Content starts

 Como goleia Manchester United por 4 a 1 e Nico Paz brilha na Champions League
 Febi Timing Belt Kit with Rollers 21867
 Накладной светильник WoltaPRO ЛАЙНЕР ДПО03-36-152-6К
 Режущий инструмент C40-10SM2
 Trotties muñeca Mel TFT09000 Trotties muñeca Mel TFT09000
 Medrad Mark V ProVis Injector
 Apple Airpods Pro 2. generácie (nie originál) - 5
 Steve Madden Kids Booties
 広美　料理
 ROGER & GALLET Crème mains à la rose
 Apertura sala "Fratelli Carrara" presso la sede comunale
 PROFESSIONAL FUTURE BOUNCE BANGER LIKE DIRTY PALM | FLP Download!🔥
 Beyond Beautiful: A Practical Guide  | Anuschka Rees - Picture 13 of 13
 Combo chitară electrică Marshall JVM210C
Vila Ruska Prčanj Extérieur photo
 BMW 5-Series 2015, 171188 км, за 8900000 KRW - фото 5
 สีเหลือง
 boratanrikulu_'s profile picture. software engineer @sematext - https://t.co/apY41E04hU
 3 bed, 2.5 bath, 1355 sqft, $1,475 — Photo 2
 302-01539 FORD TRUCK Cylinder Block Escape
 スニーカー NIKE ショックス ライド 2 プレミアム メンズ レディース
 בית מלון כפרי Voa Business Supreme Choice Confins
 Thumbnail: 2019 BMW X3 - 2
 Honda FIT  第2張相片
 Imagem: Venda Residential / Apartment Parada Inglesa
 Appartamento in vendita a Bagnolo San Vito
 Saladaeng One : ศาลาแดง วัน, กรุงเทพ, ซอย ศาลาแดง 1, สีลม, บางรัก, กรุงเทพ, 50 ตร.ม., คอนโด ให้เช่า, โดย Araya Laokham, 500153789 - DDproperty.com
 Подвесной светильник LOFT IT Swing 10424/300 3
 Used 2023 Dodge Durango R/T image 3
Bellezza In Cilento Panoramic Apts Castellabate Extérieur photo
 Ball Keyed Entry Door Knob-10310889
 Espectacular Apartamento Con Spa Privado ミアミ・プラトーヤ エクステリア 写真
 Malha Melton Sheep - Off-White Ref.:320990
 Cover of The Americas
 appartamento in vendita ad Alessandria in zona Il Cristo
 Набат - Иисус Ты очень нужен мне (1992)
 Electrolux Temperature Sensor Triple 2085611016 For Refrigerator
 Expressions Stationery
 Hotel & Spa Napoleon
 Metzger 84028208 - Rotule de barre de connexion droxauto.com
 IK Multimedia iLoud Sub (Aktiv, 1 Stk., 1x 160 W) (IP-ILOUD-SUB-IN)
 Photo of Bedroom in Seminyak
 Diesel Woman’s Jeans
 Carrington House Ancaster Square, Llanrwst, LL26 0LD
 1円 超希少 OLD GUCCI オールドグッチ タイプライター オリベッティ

Content ends

About this exercise: Return the count of lines in the entries above that include the word "vendita", without any added text.

Answer area: 2